STORED DATA:
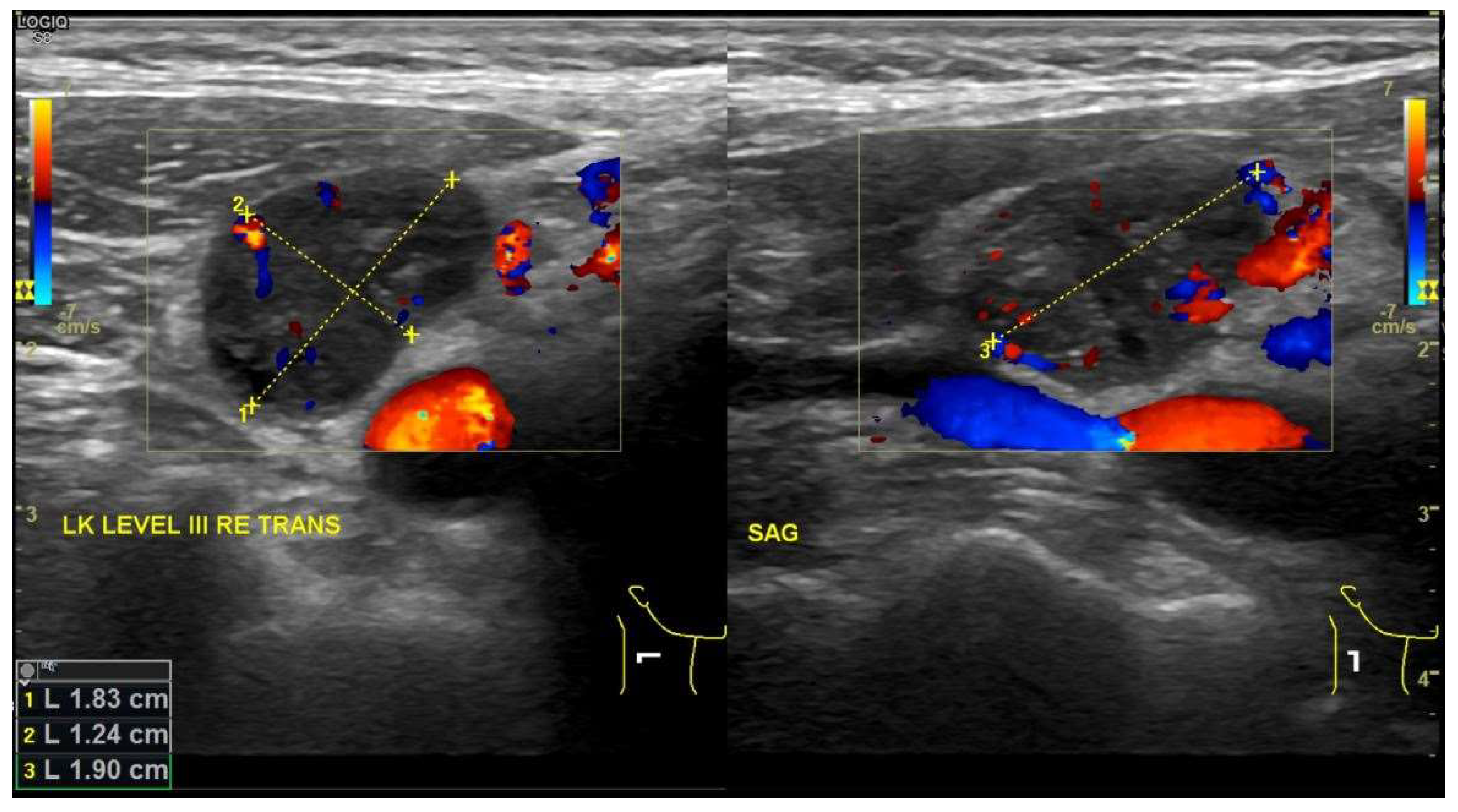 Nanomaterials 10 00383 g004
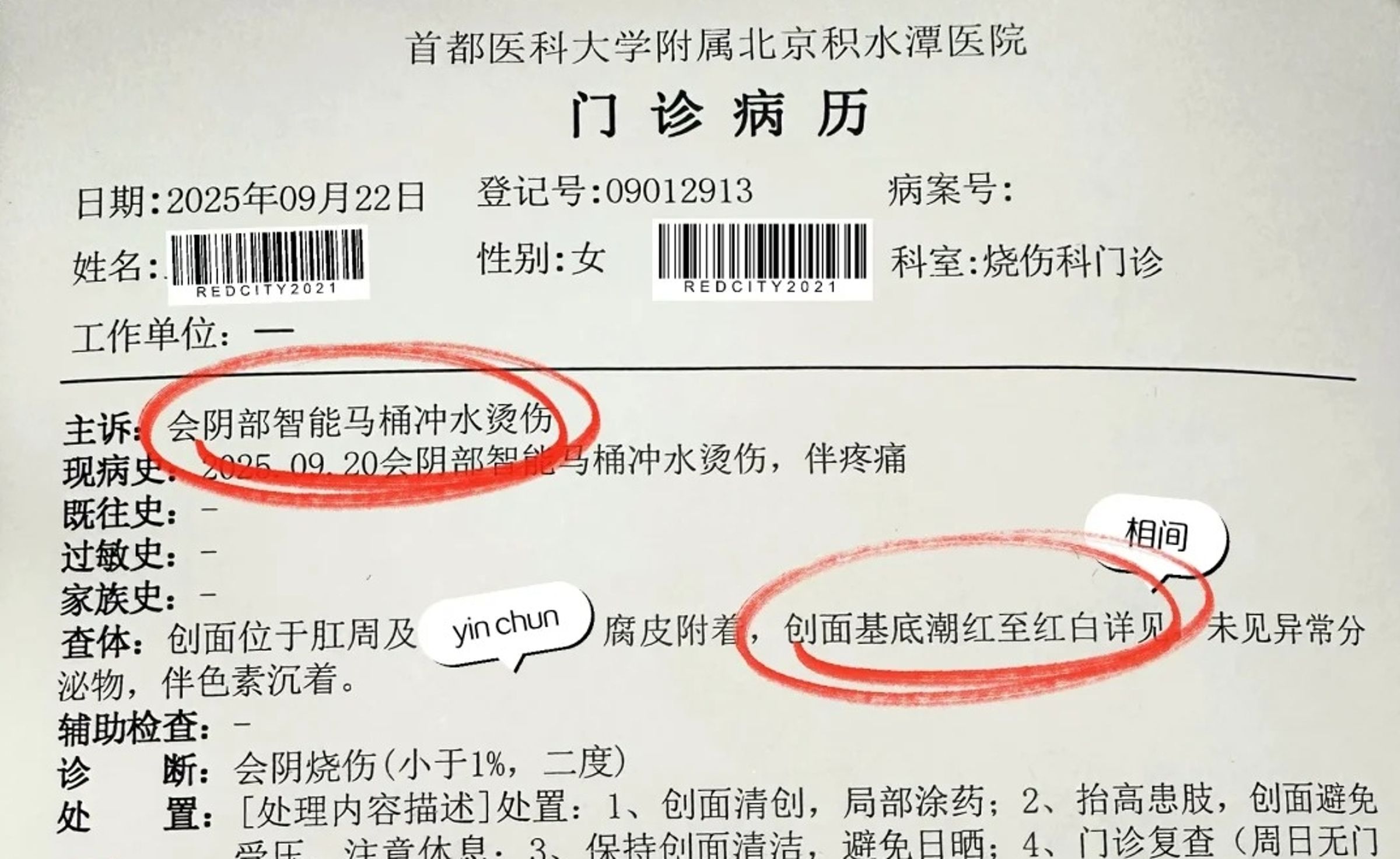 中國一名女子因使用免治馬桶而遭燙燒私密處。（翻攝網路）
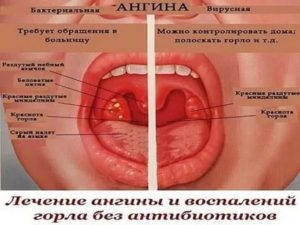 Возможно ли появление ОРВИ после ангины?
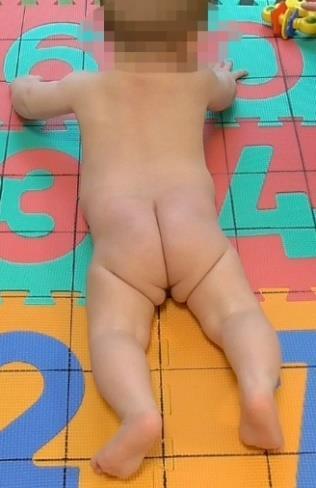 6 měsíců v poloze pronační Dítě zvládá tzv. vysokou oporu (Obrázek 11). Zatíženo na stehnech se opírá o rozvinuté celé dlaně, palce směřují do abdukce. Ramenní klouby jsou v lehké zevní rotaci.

EXERCISE INSTRUCTIONS:
This task calls for the listing to be restated exactly, with images omitted.

ANSWER BELOW:
 Nanomaterials 10 00383 g004
 中國一名女子因使用免治馬桶而遭燙燒私密處。（翻攝網路）
 Возможно ли появление ОРВИ после ангины?
 6 měsíců v poloze pronační Dítě zvládá tzv. vysokou oporu (Obrázek 11). Zatíženo na stehnech se opírá o rozvinuté celé dlaně, palce směřují do abdukce. Ramenní klouby jsou v lehké zevní rotaci.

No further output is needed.